A WOW6432Node match flags the app as Is32BitApp = Yes, which Intune requires for 32-bit apps on 64-bit Windows.

Version Progression

VersionChangeReason
v3.0 SimpleDirect execution, no detection logicSpeed, when apps are pre-documented
v4.0 EnhancedMSI extraction, switch testing, registry discoveryDefault mode
v4.1Renamed $args (PowerShell reserved automatic variable), fixed registry path construction, added Start-TranscriptBug fixes
v4.1 AdvancedExplicit Marshal.ReleaseComObject cleanup, post-install registry delta capture, SupportsShouldProcessCOM file locks, DisplayName mismatch handling

The post-install delta capture in v4.1 Advanced solves a real problem: an installer named 7z2301-x64.exe registers as DisplayName 7-Zip 23.01 (x64) — substring matching fails, so the script captures the registry delta after install instead of searching by name.

Usage

# Pure inference mode
.\New-IntuneWin32Package-Enhanced-v4_1.ps1 `
    -SourceFolder "C:\Apps" `
    -OutputFolder "C:\Packages"

# With install testing (Admin, disposable VM only)
.\New-IntuneWin32Package-Enhanced-v4_1.ps1 `
    -SourceFolder "C:\Apps" `
    -OutputFolder "C:\Packages" `
    -TestInstalls

Output

OutputFolder/
├── Packages/
│   ├── 7-Zip.intunewin
│   ├── GoogleChrome.intunewin
│   └── AdobeReader.intunewin
└── Reports/
    ├── IntunePackaging_yyyyMMdd_HHmmss.csv
    └── PackagingLog_yyyyMMdd_HHmmss.txt

CSV columns map directly to the Intune admin centre fields: InstallCommand, UninstallCommand, DetectionType (MSI/Registry/File), MSIProductCode, RegistryKeyPath, RegistryValueName, RegistryOperator, RegistryValue, Is32BitApp.
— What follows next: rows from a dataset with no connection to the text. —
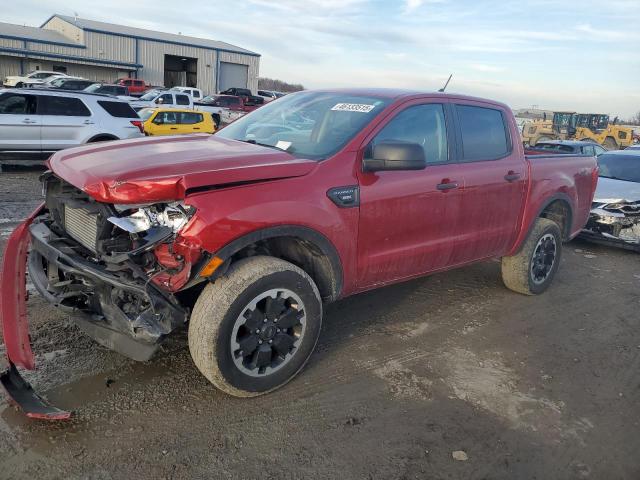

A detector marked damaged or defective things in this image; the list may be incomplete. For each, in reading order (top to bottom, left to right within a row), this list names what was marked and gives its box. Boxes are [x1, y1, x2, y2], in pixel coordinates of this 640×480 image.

broken headlight [107, 202, 195, 233]
crushed hood [48, 135, 318, 202]
damaged front end [580, 199, 640, 251]
crushed hood [592, 178, 640, 204]
crumpled fender [1, 202, 43, 368]
front bumper missing [0, 204, 70, 418]
damaged front end [1, 173, 210, 420]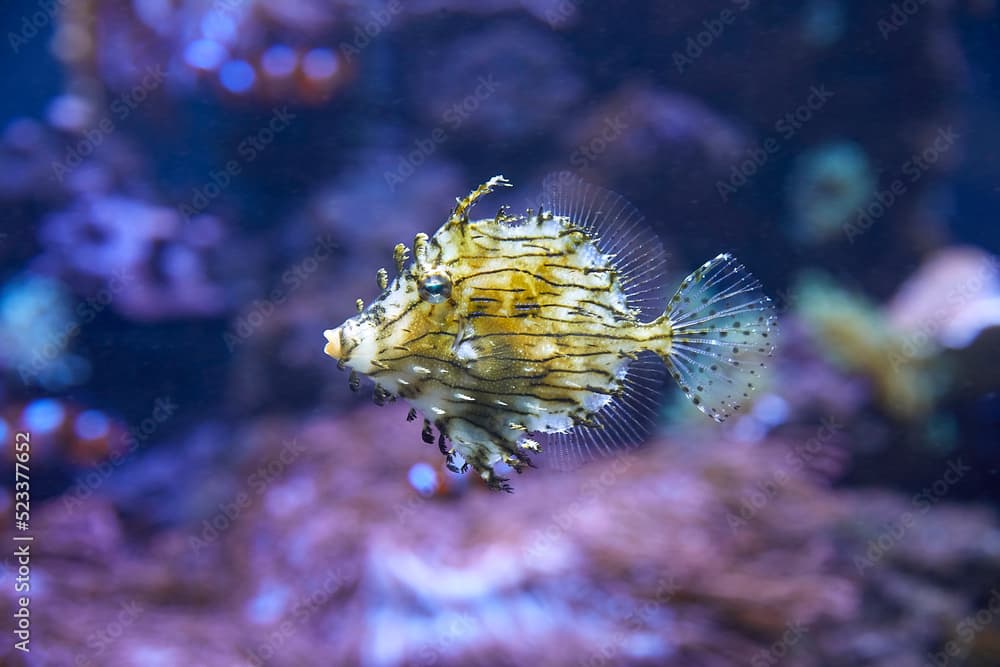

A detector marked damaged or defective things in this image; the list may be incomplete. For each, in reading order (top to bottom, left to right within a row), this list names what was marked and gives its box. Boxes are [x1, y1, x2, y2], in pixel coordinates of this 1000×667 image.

ragged filefish [324, 175, 776, 494]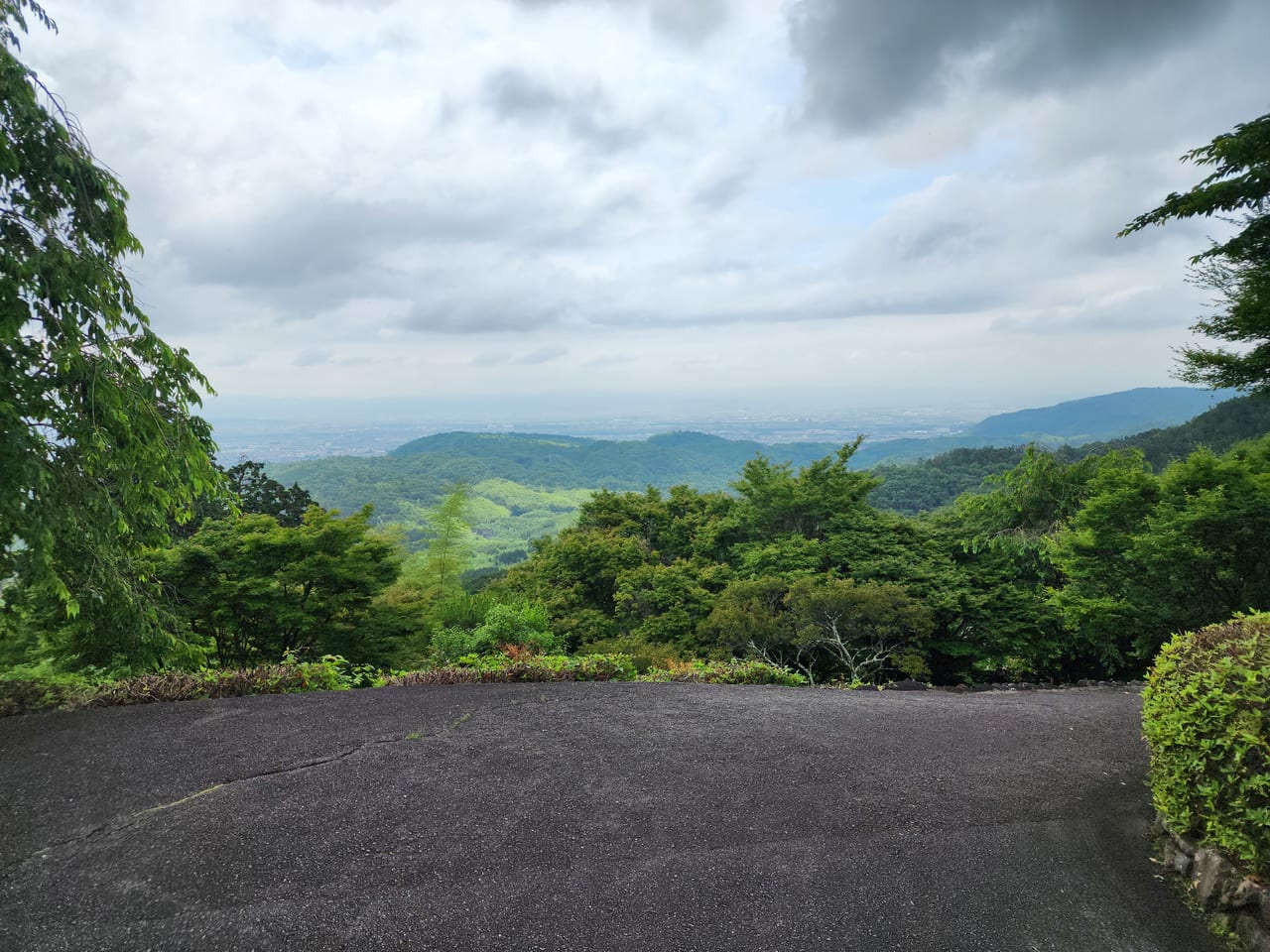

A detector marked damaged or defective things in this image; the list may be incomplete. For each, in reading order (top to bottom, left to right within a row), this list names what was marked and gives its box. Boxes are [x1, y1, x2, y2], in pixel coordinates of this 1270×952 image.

cracked asphalt pavement [2, 682, 1230, 952]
No fields typed by hand — paste from CSV into Intune.

Limitations

  • Bundle installers (Adobe Acrobat DC, Office Deployment Tool) need a custom wrapper script — a single silent switch can’t orchestrate multi-step installs.
  • -TestInstalls is destructive. Run on a snapshot-restorable VM only.
  • DisplayName substring matching is fragile (see 7-Zip example above) — the v4.1 Advanced post-install delta capture is the recommended mode.
  • No code signing of .intunewin output. The Win32 Content Prep Tool encrypts but does not sign.

Future Work

  • Apply AppConfig.json overrides in v4.1 Enhanced (currently only honoured by v3.0 Simple).
  • Direct upload to Intune via Microsoft Graph (/deviceAppManagement/mobileApps).
  • Generate PowerShell detection scripts for apps that don’t fit MSI/Registry/File detection cleanly.
  • Parallelise the packaging loop (ForEach-Object -Parallel on PowerShell 7+).